A demo is like this.
CPU:
out = torch.zeros(1, 3, 6, 6)
vout = Variable(out)
fmap = np.arange(3 * 6 * 6).reshape((1, 3, 6, 6))
tmap = Variable(torch.from_numpy(fmap).float(), requires_grad=True)
mask = torch.zeros(1, 6, 6).byte()
mask[0, 2:5, 2:5] = 1
mask = Variable(mask.expand(1, 3, 6, 6))
masked = tmap.masked_select(mask).view(3, -1)
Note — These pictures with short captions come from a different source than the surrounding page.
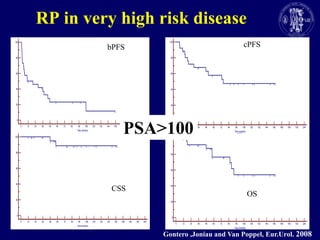 RP in very high risk diseasecPFSbPFSPSA>100CSSOSGontero ,Joniau and Van Poppel, Eur.Urol. 2008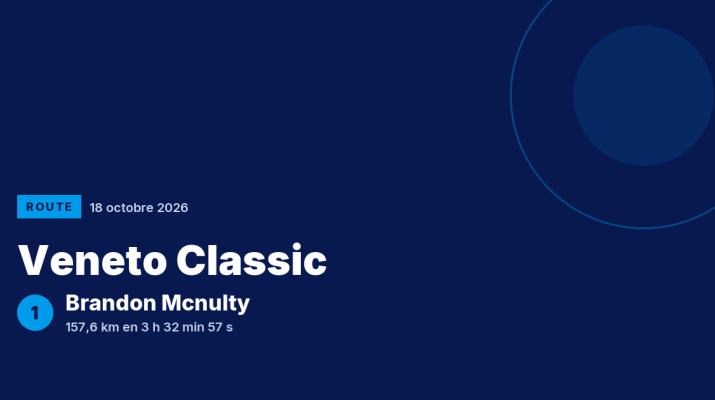Veneto Classic : Brandon Mcnulty vainqueur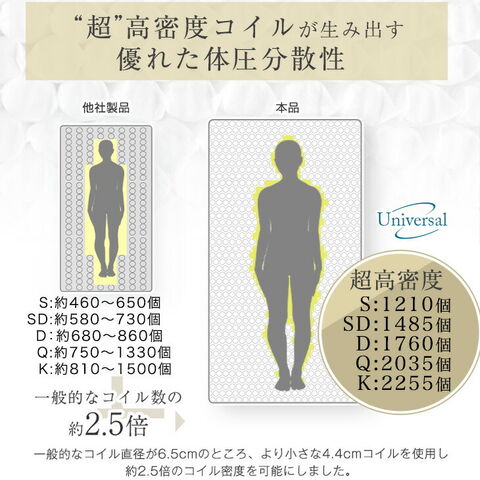 dショッピング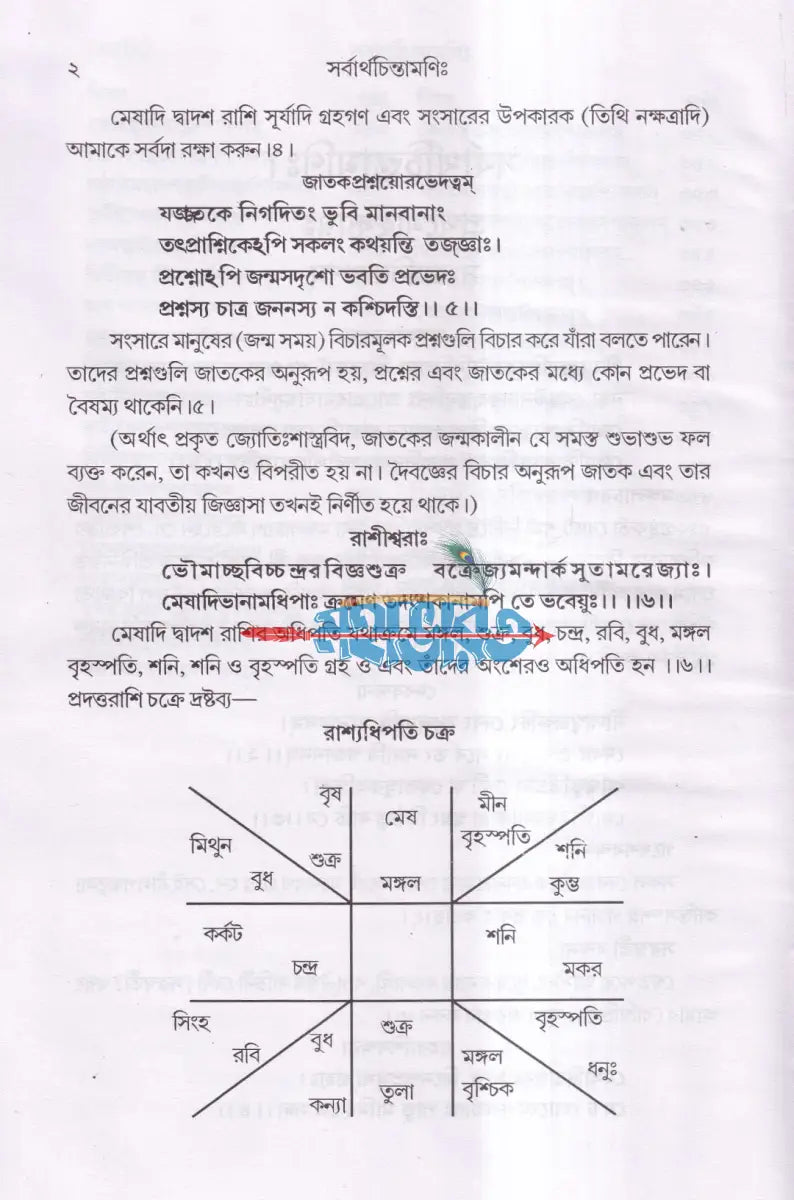 সর্বার্থচিন্তামণিঃ Hindu Religious Books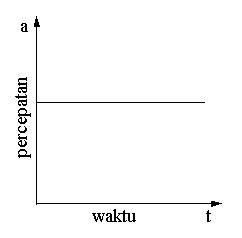 Gerak Lurus Berubah Beraturan  MEKANIKA ( KINEMATIKA DAN 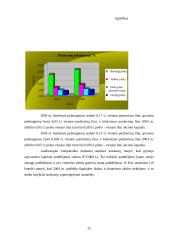 AB "Klaipėdos baldai" finansinė analizė 4 puslapis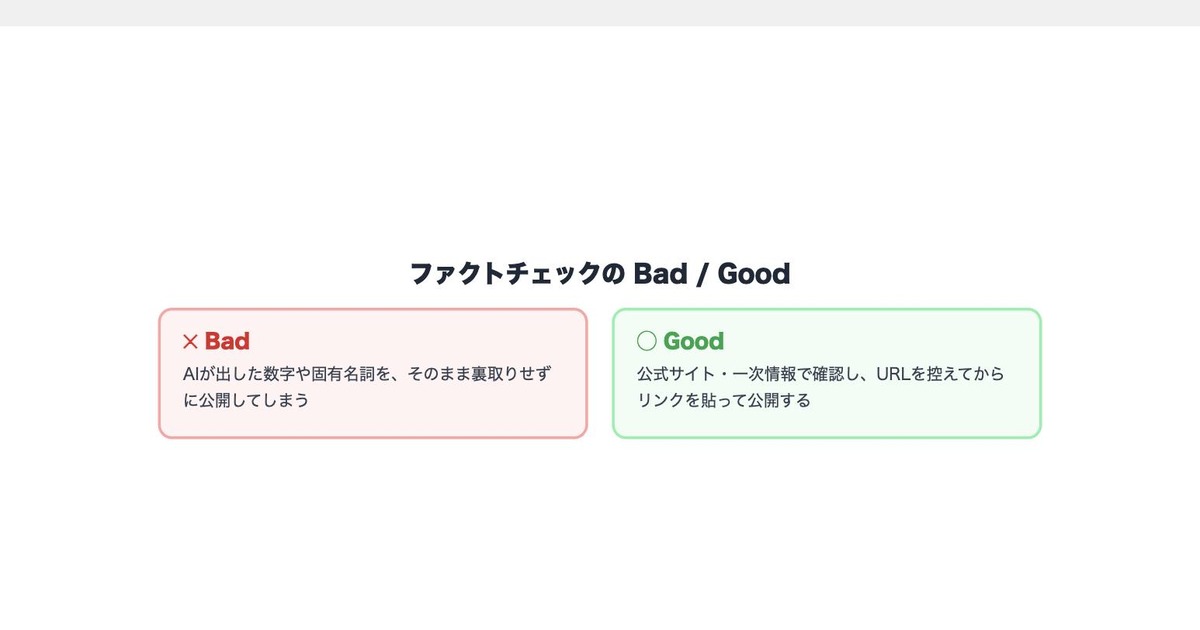 AIが出した情報をそのまま使うBad例と、公式サイトで確認してから使うGood例を比較した図解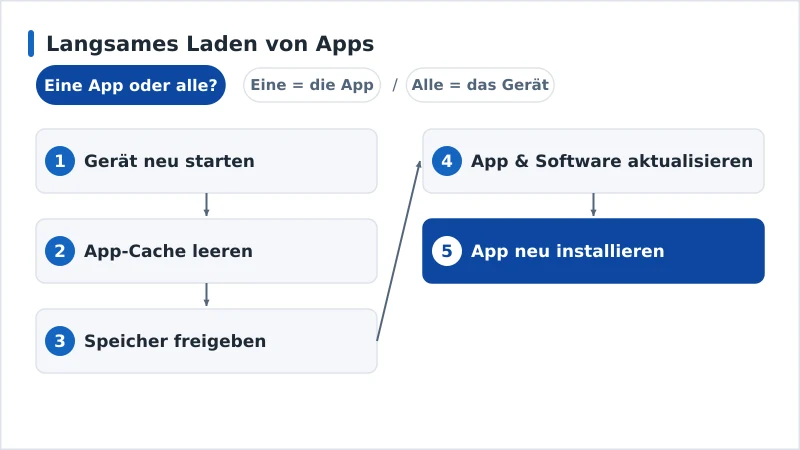 Ein Diagnoseablauf für langsames Laden von Apps von Cache bis Gerätealter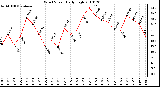 Milwaukee Weather Wind Speed Daily High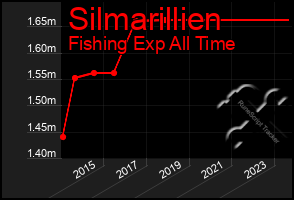 Total Graph of Silmarillien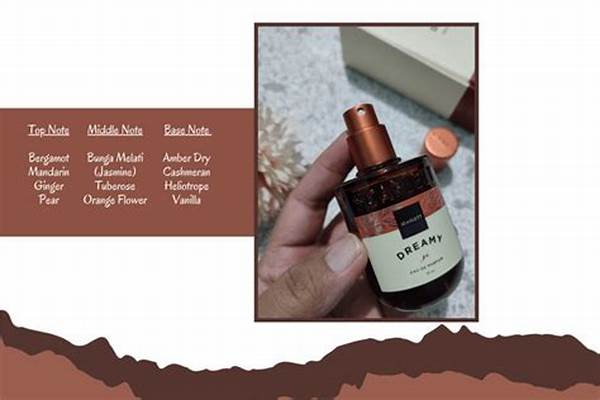 Campuran Aroma Pribadi Selebriti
pooled = torch.max(masked, 1)[0][:, 0]
vout[0, :, 0, 0] = pooled
# similar to the operation above
mask = torch.zeros(1, 6, 6).byte()
mask[0, 3:6, 3:6] = 1
mask = Variable(mask.expand(1, 3, 6, 6))
masked = tmap.masked_select(mask).view(3, -1)
pooled = torch.max(masked, 1)[0][:, 0]
vout[0, :, 1, 1] = pooled
a = torch.mean(vout)
a.backward()
print tmap.grad
GPU:
out = torch.zeros(1, 3, 6, 6)
vout = Variable(out).cuda()
fmap = np.arange(3 * 6 * 6).reshape((1, 3, 6, 6))
tmap = Variable(torch.from_numpy(fmap).float(), requires_grad=True).cuda()
mask = torch.zeros(1, 6, 6).byte().cuda()
mask[0, 2:5, 2:5] = 1
mask = Variable(mask.expand(1, 3, 6, 6))
masked = tmap.masked_select(mask).view(3, -1)
pooled = torch.max(masked, 1)[0][:, 0]
vout[0, :, 0, 0] = pooled
mask = torch.zeros(1, 6, 6).byte().cuda()
mask[0, 3:6, 3:6] = 1
mask = Variable(mask.expand(1, 3, 6, 6))
masked = tmap.masked_select(mask).view(3, -1)
pooled = torch.max(masked, 1)[0][:, 0]
vout[0, :, 1, 1] = pooled
a = torch.mean(vout)
a.backward()
print tmap.grad
The result is None.
I am using version 0.1.9.